Intervenuto ai microfoni di Radio Radicale ha messo in evidenza come, ad oggi, ci sia il rischio di dover restare nel mondo del lavoro fino a 70 anni. Un'eventualità che deriva dal dato secondo cui solo il 59% della popolazione è occupata e dall'aumento dell'aspettativa di vita.

Tutto questo potrebbe comportare un ulteriore prolungamento della soglia anagrafica e/o contributiva per andare in pensione. Qualora ciò dovesse verificarsi, sarebbe opportuno approntare un sistema flessibile in grado di contemplare nel settore occupazionale delle persone ormai avanti con l'età attraverso una rivisitazione delle rispettive mansioni.

In Italia solo il 59% delle persone è occupata

Matteo Renzi nelle ultime settimane ha parlato della necessità di abolire Quota 100 per una questione di giustizia generazionale e sociale. Seghezzi non ha una buona opinione della misura e si è voluto soffermare su alcuni aspetti: "Sarei favorevole, ritenendola una misura ingiusta. Questo discorso, però, non consente di vedere il problema nella sua profondità".

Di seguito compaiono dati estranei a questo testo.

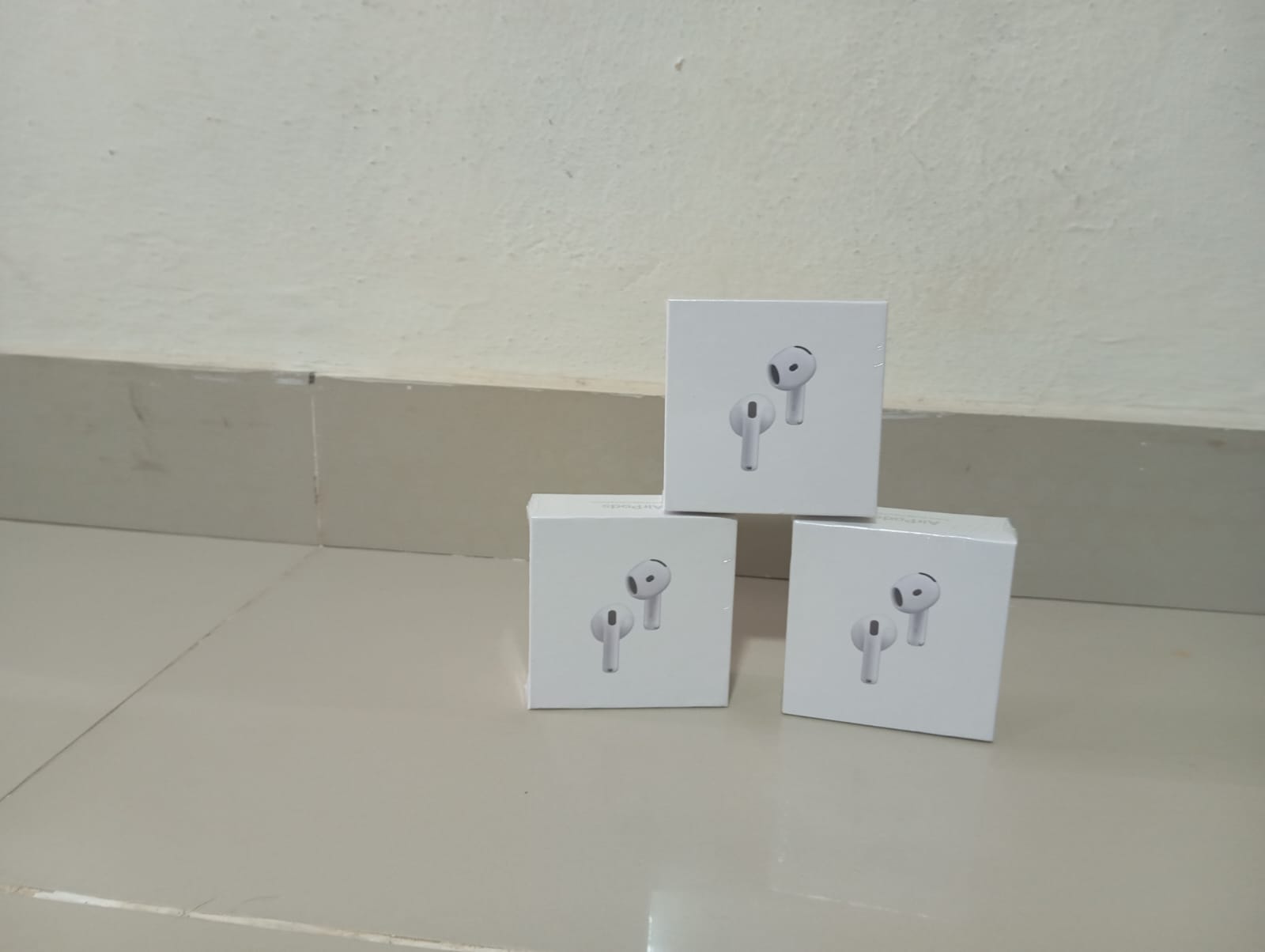 camaras y audio - airpods 4ta generacion con sus case 0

Dunque, secondo il dirigente, quello di Quota 100 in materia previdenziale è un tema superficiale rispetto a problemi ben maggiori.

"Stiamo parlando - ha evidenziato - tantissimo di dove trovare risorse, ci siamo inventati nuove tasse. Dimentichiamo che tra i problemi italiani c'è tutto il tema delle poche persone che in Italia lavorano.

Il tasso di occupazione è del 59% e questo vale il penultimo posto dei paesi Ocse". Tutto ciò comporta una mancanza di risorse sia in termini di tasse pagate che di versamento dei contributi, circostanze che non garantiscono una reale sostenibilità del sistema previdenziale: "L'unico modo - ha sottolineato l'ospite di Radio Radicale - per farlo è scaricare i costi sulle generazioni che verranno".

L'aspettativa di vita cresce

Il presidente della Fondazione Adapt, dunque, guarda al futuro con realismo: "Le aspettative di vita sono sempre più elevate, ci sarà la possibilità e la necessità di lavorare in età più avanzata. Bisogna rendere sostenibile il lavoro fino a 70 anni e pensare a delle cose nuove".

Uno scenario in cui, dunque, compatibilmente con l'evoluzione anagrafica sul territorio, si dovrà arrivare a delle soluzioni diverse. E Seghezzi ha indicato la strada da percorrere: "Flessibilità organizzativa, pensare a come far sì che le persone più anziane possano avere dei ruoli meno faticosi e più di trasferimento di competenze ed esperienza rispetto ai più giovani. Bisogna anche pensare - ha aggiunto - come mettere in pratica delle forme di assessment periodico delle proprie competenze, così da non trovarsi a 70 anni con delle conoscenze completamente obsolete".